● What is being asked
Having located the line with "Synology M.2 2280", repeat it and all remaining lines of the records exactly. Pictures do not belong in the answer.
........
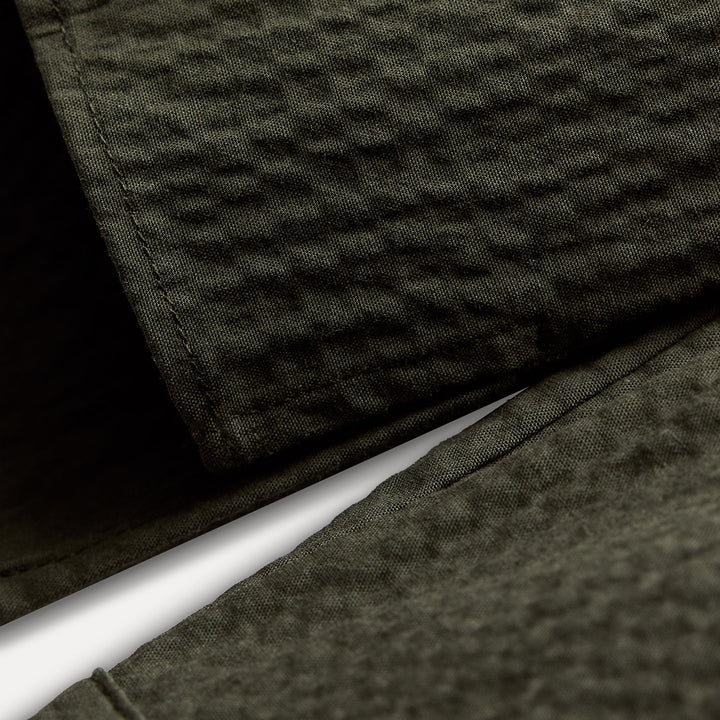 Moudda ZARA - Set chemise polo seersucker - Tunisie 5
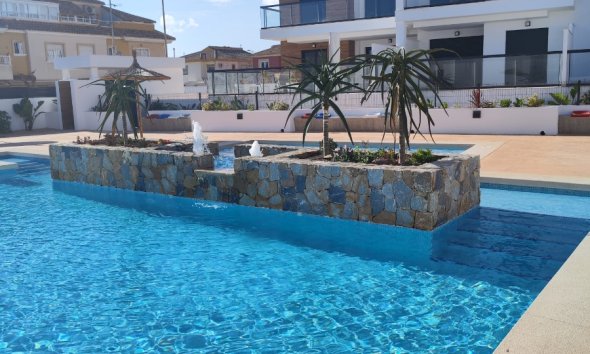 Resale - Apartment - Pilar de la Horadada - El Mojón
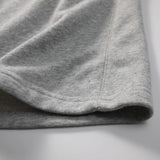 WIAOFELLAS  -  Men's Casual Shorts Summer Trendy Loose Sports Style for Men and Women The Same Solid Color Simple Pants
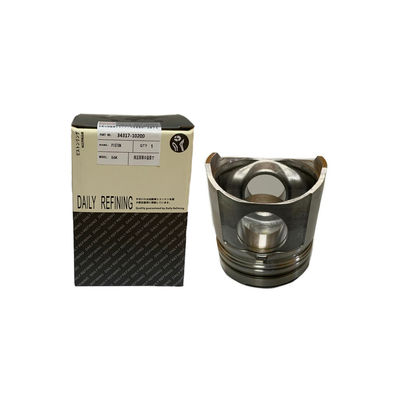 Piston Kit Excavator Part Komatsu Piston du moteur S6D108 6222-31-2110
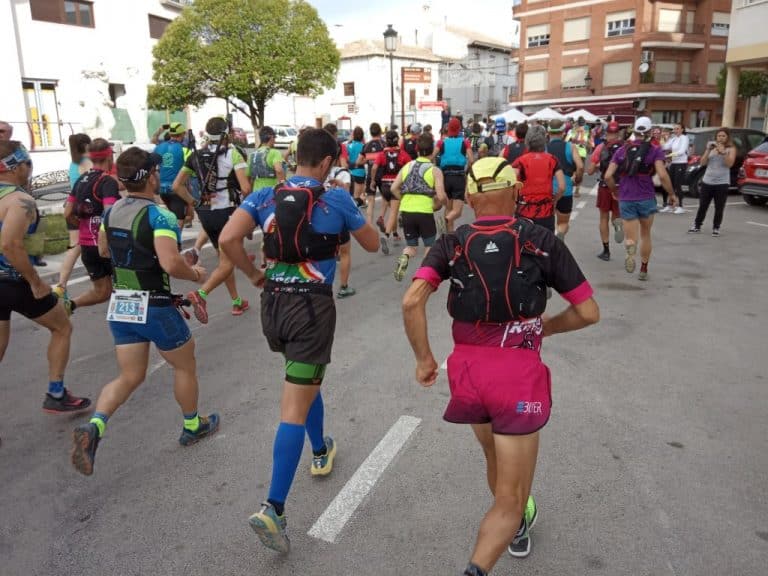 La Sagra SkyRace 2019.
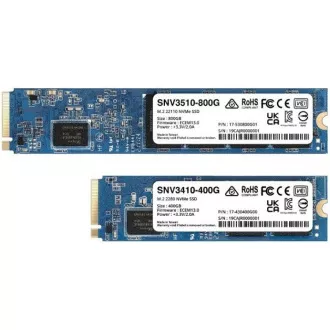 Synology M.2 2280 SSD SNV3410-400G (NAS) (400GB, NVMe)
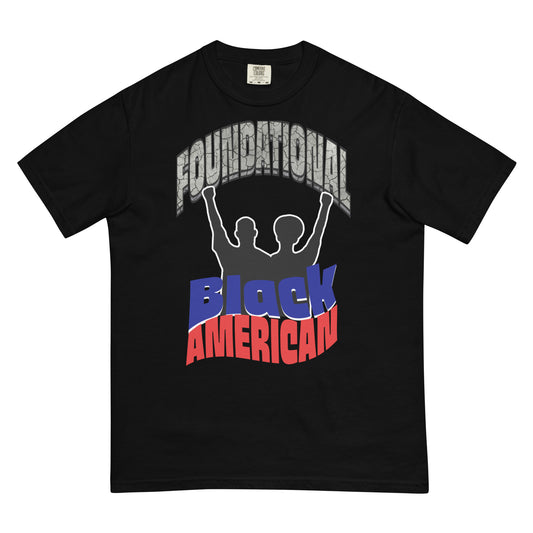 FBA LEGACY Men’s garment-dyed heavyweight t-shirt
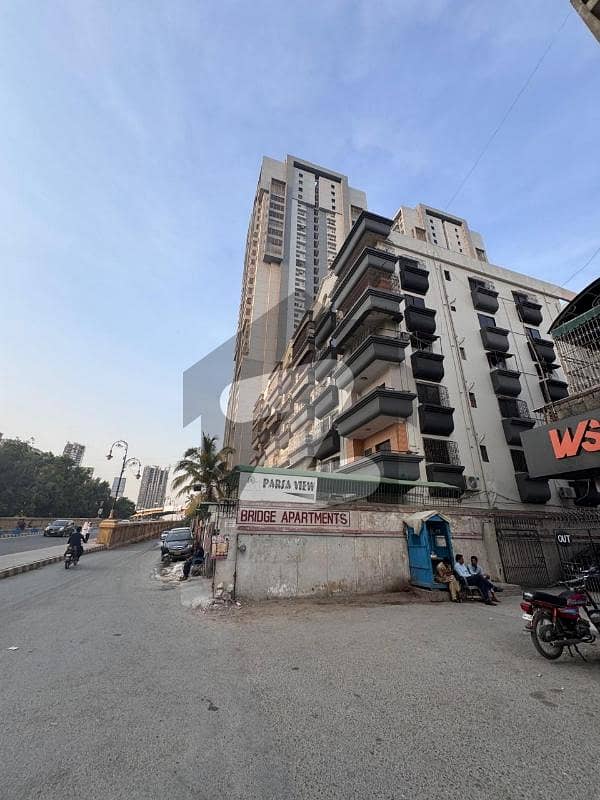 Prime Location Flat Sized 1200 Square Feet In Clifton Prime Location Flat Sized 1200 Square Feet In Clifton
........
● Result of the task
 Synology M.2 2280 SSD SNV3410-400G (NAS) (400GB, NVMe)
 FBA LEGACY Men’s garment-dyed heavyweight t-shirt
 Prime Location Flat Sized 1200 Square Feet In Clifton Prime Location Flat Sized 1200 Square Feet In Clifton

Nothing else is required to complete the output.